Since he is talking about Aristotle, the use of scholastic for "Schulxxx" doesn't seem much appropriate here... What would you say?


----------



## Schimmelreiter

_The concept of _qualitas _is fundamentally unrelated to ontology; originally, students of grammar used to deal with the question about _qualitas_. The concept was simply accepted into logic when Aristotle presented the principal parts of grammar as categories of logic.



__Hauptrede_, as distinguished from _Vorrede._


----------



## Löwenfrau

> _originally, students of grammar used to deal with the question about qualitas._



I see. Or "... a question that students of grammar used to ask" (to maintain the structure)


----------



## Schimmelreiter

Not really. In grammatical parsing, the question about qualitas has to be asked, I believe. Like the question about tense has to be asked. So it's not a question an eager student comes up with but a question that must systematically be dealt with: A student of grammar must ask (himself) that question.


----------



## Löwenfrau

I see. Well, that's exactly what I meant, guess in English doesn't sound the same as in Portuguese.


----------



## Löwenfrau

But in the following case I think it's probably "scholastic logic":

"Für die Physik ist die Schullogik, die durch mehr als zwei Jahrtausende in Quantität und Qualität zwei getrennte Kategorien sah, die Qualität nicht als den Oberbegriff der Quantität erkannte, – für die Physik ist Aristoteles auch in dieser Beziehung verhängnisvoll geworden. Die Peripatetiker sträubten sich auch nach Galilei noch dagegen, daß man die Qualitäten der Körper auf Quantitäten zurückführte"


----------



## Schimmelreiter

I'd say _scholarly logic._

Isn't _scholastic _​firmly tied to the one school of thought by that name as soon as it's about philosophy?


----------



## Löwenfrau

Schimmelreiter said:


> I'd say _scholarly logic._
> 
> Isn't _scholastic _​firmly tied to the one school of thought by that name as soon as it's about philosophy?



So you disagree with manfy and fdb: 





> Schulphilosophie -> same as fdb, I'd go with 'scholastic philosophy', but not 'Scholasticism' because I don't think that Mauthner is referring to the medieval scholasticism, but simply 'philosophy, the way it is taught in schools/universities' (as opposed to 'real' philosophy that is formed, shaped, developed in the real world, i.e. outside the comfort of academic settings)

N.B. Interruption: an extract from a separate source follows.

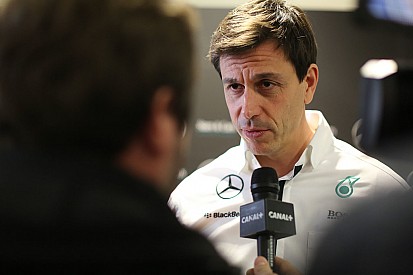 Chefe da Mercedes vê Manor com potencial de pontuar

manfy says "scholastic" can mean "academic", not necessarily "belonging to Scholasticism". 
But, what you call "scholarly logic" can be understood as "academic logic", correct?


----------



## Schimmelreiter

Yes. M. could have said _akademisch _but he didn't. _Schule, scholastic, scholarly _are all from the same root, with _scholarly _steering clear of the confusion possibly arising from _​scholastic._


----------



## Löwenfrau

Schimmelreiter said:


> Yes. M. could have said _akademisch _but he didn't. _Schule, scholastic, scholarly _are all from the same root, with _scholarly _steering clear of the confusion possibly arising from _​scholastic._




I understand. Now I still have one problem: in Portuguese we don't have a correspondent to "scholarly" other than "acadêmico" ("academic"). We do have "escolar", but this is normally understood as "pertaining to primary school"...


----------



## Schimmelreiter

What about _douto_? From _docere_​ after all, which is what all school is about.


----------



## Löwenfrau

Schimmelreiter said:


> What about _douto_? From _docere_​ after all, which is what all school is about.



Yes, that's an option.
But what is wrong with "academic" after all?


----------



## Schimmelreiter

You're right, _academic_ is good. _academic logic_​ is very common on the Net.


----------



## Hutschi

Löwenfrau said:


> But in the following case I think it's probably "scholastic logic":
> 
> "Für die Physik ist die Schullogik, die durch mehr als zwei Jahrtausende in Quantität und Qualität zwei getrennte Kategorien sah, die Qualität nicht als den Oberbegriff der Quantität erkannte, – für die Physik ist Aristoteles auch in dieser Beziehung verhängnisvoll geworden. Die Peripatetiker sträubten sich auch nach Galilei noch dagegen, daß man die Qualitäten der Körper auf Quantitäten zurückführte"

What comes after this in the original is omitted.